• [Task to carry out]: Please return the lines from the one with "Портативна Bluetooth-колонка REAL-EL" through the end of the listing below, word for word, with every picture left out.

• [Source data]:
========================================================================

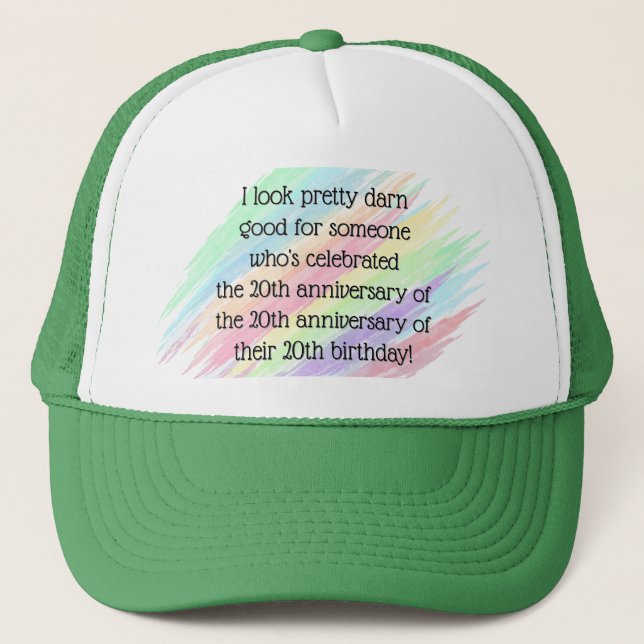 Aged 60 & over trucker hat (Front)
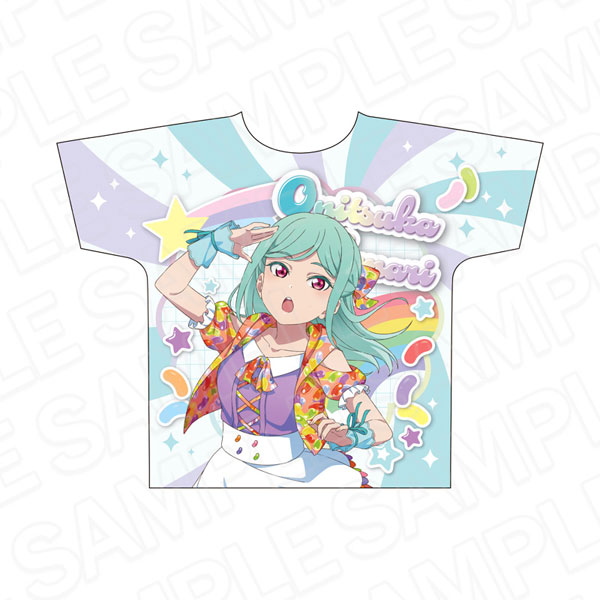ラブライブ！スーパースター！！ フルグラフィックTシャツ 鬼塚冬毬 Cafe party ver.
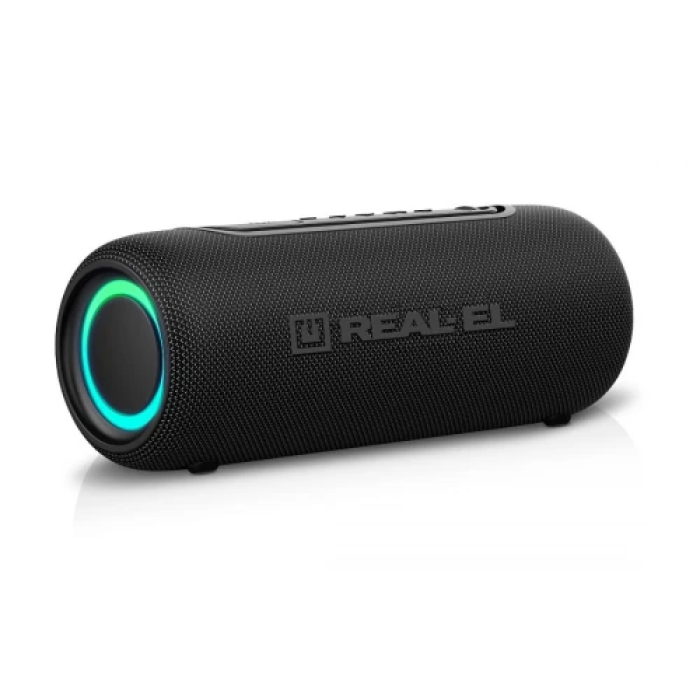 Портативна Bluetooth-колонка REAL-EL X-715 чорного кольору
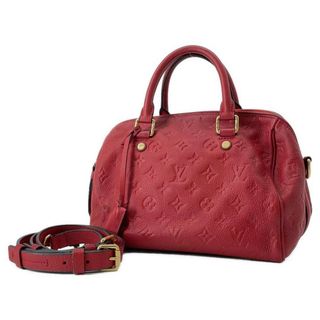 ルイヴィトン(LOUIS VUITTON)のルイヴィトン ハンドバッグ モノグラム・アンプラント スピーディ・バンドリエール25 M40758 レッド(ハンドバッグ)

========================================================================

• [Answer to the exercise]:
 Портативна Bluetooth-колонка REAL-EL X-715 чорного кольору
 ルイヴィトン(LOUIS VUITTON)のルイヴィトン ハンドバッグ モノグラム・アンプラント スピーディ・バンドリエール25 M40758 レッド(ハンドバッグ)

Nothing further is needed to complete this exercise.